**WORK TO BE COMPLETED:** In the data, find each line where the word "Guide" appears and list that line.

**SUPPLIED MATERIAL:**
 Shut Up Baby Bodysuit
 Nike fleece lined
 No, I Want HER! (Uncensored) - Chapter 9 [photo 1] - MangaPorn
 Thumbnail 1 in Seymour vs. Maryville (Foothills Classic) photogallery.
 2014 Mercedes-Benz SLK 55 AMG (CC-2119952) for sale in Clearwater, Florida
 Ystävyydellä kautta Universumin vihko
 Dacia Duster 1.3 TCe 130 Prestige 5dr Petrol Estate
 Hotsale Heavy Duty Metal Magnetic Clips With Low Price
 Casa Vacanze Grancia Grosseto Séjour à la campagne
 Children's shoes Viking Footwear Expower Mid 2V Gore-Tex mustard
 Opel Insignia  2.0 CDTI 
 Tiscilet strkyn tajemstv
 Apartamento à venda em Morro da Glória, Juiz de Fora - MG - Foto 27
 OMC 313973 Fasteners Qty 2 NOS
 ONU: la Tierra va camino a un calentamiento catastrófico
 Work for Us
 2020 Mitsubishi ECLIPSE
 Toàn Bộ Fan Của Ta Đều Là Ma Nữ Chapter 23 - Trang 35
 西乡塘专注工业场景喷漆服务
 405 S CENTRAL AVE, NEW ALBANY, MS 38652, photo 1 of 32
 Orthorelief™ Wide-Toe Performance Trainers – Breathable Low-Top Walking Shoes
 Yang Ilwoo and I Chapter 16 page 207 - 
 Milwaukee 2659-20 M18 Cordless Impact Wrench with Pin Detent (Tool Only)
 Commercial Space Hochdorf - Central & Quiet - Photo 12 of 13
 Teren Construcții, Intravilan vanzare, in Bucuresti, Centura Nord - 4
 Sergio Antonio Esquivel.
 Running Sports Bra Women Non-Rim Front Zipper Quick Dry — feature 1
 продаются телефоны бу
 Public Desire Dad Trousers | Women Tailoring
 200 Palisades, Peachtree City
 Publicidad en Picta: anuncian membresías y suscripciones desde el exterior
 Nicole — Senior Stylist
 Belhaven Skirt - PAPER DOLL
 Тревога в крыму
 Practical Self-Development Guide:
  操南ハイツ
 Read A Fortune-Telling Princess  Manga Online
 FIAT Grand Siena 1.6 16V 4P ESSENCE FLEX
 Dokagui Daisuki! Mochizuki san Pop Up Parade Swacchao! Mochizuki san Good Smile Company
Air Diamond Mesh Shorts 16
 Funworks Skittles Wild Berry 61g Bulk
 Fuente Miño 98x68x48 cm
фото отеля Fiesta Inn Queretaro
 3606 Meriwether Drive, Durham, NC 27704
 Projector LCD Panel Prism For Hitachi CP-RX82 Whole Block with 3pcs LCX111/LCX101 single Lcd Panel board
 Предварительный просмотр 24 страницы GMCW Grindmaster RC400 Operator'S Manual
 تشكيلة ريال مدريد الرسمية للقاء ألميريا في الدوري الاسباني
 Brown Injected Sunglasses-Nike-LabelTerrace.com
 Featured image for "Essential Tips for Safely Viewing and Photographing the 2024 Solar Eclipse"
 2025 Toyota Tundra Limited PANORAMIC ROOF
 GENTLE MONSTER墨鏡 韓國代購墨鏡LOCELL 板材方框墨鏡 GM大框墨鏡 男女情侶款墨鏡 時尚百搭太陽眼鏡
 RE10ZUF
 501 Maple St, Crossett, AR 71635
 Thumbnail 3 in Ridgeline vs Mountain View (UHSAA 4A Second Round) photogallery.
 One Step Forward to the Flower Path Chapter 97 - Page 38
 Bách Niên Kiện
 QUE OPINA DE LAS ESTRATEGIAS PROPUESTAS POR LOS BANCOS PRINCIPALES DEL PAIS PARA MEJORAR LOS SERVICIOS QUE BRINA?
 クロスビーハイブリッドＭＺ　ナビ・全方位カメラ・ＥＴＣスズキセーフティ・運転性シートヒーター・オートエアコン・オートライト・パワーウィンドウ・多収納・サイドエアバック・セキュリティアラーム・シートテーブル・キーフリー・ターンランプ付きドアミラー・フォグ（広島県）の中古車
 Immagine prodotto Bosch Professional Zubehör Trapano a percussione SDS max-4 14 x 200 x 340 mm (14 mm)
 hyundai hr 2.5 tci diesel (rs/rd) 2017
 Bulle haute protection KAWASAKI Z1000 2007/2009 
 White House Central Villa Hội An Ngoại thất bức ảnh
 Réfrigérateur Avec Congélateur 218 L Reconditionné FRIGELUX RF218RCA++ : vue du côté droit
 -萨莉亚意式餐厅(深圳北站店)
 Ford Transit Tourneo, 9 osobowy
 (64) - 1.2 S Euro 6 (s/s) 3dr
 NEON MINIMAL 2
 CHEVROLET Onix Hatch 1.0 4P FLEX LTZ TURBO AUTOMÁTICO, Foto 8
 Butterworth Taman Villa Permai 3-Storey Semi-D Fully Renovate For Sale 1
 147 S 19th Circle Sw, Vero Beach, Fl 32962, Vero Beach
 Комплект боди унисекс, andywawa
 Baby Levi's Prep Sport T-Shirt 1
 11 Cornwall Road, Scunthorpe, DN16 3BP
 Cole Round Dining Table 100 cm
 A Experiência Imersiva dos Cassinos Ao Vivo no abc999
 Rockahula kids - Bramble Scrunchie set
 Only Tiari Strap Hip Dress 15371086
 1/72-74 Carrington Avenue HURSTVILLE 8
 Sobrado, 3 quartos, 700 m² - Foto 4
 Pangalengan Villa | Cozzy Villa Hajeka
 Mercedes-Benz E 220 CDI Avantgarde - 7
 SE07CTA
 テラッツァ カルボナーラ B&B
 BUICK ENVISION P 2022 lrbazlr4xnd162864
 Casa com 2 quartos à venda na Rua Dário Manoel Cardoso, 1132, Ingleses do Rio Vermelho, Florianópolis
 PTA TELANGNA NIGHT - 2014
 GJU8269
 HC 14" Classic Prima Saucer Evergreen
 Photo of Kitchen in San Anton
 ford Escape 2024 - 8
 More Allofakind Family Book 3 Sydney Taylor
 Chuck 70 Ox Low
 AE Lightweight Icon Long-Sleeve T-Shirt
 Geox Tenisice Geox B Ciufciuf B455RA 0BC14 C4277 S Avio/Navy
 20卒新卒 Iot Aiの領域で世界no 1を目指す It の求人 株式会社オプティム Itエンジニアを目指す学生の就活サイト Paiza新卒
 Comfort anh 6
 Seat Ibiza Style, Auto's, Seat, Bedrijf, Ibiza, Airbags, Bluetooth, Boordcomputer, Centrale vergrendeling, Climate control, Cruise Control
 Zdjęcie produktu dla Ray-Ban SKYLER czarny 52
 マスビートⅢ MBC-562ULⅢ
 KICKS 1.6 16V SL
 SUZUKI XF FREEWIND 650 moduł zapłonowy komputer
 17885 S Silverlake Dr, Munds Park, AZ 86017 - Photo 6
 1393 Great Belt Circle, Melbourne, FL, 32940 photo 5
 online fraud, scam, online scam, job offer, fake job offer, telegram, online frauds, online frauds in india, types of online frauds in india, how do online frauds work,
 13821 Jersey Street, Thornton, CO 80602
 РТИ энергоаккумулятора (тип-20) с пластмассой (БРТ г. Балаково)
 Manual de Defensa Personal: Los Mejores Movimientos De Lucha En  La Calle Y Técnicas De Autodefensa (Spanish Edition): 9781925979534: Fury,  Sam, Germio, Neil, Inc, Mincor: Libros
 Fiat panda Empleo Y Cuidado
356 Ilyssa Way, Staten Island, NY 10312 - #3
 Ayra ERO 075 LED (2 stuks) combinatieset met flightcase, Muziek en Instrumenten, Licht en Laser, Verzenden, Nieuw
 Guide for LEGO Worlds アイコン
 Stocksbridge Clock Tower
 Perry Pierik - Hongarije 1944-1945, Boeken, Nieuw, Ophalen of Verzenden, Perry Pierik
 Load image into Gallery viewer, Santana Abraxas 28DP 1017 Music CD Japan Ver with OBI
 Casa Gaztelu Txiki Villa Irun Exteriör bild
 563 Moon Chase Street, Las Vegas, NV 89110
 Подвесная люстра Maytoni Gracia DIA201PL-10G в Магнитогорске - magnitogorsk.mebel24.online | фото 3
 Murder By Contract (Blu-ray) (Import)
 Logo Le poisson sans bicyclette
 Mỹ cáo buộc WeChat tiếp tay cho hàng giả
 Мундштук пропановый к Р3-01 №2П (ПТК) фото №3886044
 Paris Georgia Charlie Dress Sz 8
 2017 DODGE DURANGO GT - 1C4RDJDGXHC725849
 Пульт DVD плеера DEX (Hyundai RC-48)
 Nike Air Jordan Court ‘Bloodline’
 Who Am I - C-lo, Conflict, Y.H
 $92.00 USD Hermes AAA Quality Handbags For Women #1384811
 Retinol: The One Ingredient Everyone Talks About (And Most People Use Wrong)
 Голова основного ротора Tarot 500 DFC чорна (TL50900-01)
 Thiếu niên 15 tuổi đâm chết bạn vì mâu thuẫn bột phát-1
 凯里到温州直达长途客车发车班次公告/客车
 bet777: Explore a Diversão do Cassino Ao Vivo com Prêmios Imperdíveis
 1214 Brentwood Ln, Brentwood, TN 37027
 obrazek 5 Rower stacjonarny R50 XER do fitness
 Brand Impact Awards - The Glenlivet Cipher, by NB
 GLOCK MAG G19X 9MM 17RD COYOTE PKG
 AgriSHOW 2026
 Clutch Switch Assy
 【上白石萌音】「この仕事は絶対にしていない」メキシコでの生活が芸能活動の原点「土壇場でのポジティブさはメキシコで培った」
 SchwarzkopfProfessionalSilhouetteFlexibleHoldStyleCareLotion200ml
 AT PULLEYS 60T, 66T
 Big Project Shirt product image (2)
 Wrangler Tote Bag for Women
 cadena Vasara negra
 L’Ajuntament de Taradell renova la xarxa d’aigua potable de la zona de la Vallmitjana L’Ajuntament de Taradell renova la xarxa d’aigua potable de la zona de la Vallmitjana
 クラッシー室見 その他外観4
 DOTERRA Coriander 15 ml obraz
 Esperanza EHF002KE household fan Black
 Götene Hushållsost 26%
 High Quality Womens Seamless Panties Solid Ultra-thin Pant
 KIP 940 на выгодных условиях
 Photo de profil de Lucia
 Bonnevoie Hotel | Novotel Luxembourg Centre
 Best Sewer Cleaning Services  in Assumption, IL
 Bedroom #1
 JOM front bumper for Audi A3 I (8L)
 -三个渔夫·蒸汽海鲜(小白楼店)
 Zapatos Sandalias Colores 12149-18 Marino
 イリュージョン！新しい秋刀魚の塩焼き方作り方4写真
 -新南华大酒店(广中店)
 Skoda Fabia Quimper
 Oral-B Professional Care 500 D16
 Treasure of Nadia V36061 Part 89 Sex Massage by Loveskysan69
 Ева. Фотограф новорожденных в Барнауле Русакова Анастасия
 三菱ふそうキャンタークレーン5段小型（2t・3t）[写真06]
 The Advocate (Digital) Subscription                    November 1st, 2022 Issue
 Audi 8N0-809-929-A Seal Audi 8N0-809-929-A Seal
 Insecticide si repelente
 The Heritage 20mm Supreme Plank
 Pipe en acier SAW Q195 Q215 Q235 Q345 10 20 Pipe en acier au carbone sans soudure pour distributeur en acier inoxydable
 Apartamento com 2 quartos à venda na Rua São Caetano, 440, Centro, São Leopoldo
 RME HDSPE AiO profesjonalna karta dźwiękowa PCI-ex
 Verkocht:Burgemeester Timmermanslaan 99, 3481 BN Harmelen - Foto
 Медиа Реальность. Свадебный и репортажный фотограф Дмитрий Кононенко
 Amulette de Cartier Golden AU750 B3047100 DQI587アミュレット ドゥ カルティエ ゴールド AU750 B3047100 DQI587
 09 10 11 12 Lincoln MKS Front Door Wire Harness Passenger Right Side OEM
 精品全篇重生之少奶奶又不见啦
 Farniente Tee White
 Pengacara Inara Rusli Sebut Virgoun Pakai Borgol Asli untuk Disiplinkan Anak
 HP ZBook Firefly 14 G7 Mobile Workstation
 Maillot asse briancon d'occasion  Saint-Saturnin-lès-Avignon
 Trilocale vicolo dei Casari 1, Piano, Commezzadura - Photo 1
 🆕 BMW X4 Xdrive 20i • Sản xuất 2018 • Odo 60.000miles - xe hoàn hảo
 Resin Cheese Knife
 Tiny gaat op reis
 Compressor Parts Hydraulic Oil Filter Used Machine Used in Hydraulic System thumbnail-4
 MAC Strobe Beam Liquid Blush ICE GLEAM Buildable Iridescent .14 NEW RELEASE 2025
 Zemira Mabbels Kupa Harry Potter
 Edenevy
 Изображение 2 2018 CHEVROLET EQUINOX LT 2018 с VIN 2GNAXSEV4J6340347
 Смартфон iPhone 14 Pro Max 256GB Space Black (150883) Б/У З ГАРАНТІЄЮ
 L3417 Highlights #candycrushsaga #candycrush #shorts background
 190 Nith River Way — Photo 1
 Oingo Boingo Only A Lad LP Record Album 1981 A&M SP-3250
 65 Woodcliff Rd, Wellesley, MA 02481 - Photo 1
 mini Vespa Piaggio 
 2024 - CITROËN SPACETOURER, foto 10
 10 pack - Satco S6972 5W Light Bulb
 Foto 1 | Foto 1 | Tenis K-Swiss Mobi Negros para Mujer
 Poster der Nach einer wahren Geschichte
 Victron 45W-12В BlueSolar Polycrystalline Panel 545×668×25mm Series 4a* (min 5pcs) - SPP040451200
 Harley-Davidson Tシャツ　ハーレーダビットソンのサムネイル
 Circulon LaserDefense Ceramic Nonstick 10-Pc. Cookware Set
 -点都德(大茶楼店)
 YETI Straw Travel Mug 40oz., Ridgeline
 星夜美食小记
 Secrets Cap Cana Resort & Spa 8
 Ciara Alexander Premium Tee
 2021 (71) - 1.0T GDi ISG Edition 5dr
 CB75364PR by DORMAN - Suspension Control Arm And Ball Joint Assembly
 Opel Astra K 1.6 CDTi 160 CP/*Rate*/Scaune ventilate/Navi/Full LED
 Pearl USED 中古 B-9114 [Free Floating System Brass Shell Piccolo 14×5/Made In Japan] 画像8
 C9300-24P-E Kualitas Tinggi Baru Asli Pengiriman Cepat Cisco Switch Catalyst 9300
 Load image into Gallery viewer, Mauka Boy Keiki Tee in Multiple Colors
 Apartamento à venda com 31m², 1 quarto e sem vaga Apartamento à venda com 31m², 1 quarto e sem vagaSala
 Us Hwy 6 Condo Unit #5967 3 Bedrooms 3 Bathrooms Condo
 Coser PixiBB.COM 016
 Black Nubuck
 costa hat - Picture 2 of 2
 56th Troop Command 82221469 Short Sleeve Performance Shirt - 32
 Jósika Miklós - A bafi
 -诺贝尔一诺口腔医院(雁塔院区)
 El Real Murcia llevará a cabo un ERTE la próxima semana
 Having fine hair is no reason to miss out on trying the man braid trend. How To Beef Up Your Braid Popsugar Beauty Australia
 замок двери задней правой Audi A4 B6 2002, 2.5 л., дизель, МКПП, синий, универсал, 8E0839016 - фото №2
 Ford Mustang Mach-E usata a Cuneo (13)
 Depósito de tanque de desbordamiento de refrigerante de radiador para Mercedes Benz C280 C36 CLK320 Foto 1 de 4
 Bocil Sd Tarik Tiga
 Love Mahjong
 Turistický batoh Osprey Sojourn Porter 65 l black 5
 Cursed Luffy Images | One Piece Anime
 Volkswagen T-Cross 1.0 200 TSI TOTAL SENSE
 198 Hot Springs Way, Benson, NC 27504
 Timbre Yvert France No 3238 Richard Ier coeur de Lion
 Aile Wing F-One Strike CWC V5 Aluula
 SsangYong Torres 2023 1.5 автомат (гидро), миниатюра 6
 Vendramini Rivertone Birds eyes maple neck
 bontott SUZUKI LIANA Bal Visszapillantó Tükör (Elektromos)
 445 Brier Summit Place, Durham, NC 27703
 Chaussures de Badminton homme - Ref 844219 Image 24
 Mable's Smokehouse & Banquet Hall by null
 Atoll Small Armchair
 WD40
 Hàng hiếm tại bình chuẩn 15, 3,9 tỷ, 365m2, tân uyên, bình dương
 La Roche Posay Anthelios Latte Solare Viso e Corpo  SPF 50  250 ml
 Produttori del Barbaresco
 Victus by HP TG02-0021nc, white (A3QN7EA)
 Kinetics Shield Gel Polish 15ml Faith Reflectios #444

**EXERCISE RESPONSE:**
 Practical Self-Development Guide:
 Guide for LEGO Worlds アイコン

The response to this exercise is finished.